[ 0007: 火星年代記 ]
[ The Martian Chronicles ]
南門疾矢君の解説。
レイ・ブラッドベリにより書かれた SF 小説。
レイ・ダグラス・ブラッドベリ (Ray Douglas Bradbury,
1920 年 8 月 22 日 - 2012 年 6 月 5 日) は、
アメリカ合衆国の小説家 (SF 作家、幻想文学作家、怪奇小説作家)、詩人。
「火星年代記」の単行本は 1950 年に出版されました。
日本語版はその後、早川書房から出版されています。
26 の独立した短編を連ねて一つの長編とした作品。
1940 年代に「ウィアード・テイルズ」、
「スリリング・ワンダー・ストーリーズ」など数誌に発表された短編群に、
書き下ろし作品を加えて成立しました。
年代記の題名にたがわず、
個々の短編には 1999 年 1 月 から 2026 年 10 月 までの年月が付され
その順の構成になっています。
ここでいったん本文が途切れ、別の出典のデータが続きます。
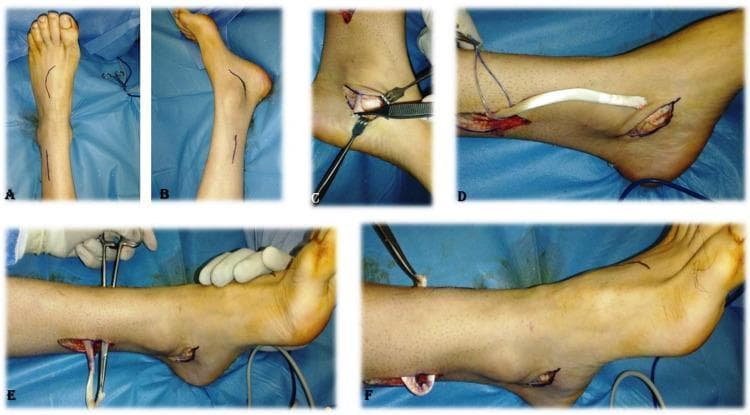 A series of clinical photographs (labeled A-F) documenting the surgical stages of a tibialis posterior tendon transfer for the correction of foot drop. Subfigures A and B show preoperative skin markings on the lower leg and dorsum of the foot, indicating the planned surgical approaches for tendon harvesting and insertion. Subfigure C demonstrates the identification and exposure of the tibialis posterior tendon through a medial incision using surgical retractors and forceps. Subfigure D illustrates the proximal delivery of the harvested tendon, showing its characteristic white, cord-like appearance as it is pulled through a proximal leg incision. Subfigures E and F depict the tunneling of the tendon through the interosseous membrane from the posterior compartment to the anterior compartment of the leg, utilizing surgical clamps and sutures for guidance. This procedure is common in orthopedics and rehabilitation medicine for restoring active dorsiflexion by repurposing the tibialis posterior muscle. The imagery demonstrates essential steps including marking, harvesting, and rerouting of the donor tendon.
火星では Singulairy がいつ起きるのでしょうか?
著者は、全体の構成を考える上で
スタインベックの「怒りの葡萄」などの影響を受けたと語っているとのこと。
第 1 話は「Rocket Summer」、第 26 話は「The Million-Year Picnic」。
僕はこの最終章の美しさにいまも惹かれ続けています。
地球人の火星への探検、それを受け入れない火星人との対立。
突然の火星人絶滅、地球からの火星への植民、地球における全面核戦争と引き揚げ、
そして火星に残った人々の人間模様といった、さまざまなエピソードが語られます。
火星という舞台と各種 SF 的小道具を駆使しながらも内容は文明批評、
特に当時のアメリカ合衆国を風刺した作品とみなすことができます。
この物語には科学性はありません。
地球人は故郷のような植民地を火星に作ろうとします。
いっけん平穏。しかし、あるとき突然、火星人が現れます。
地球人の心をコントロールして。このあたりが恐怖のピークですね。
ブラッドベリの代表作の一つといえます。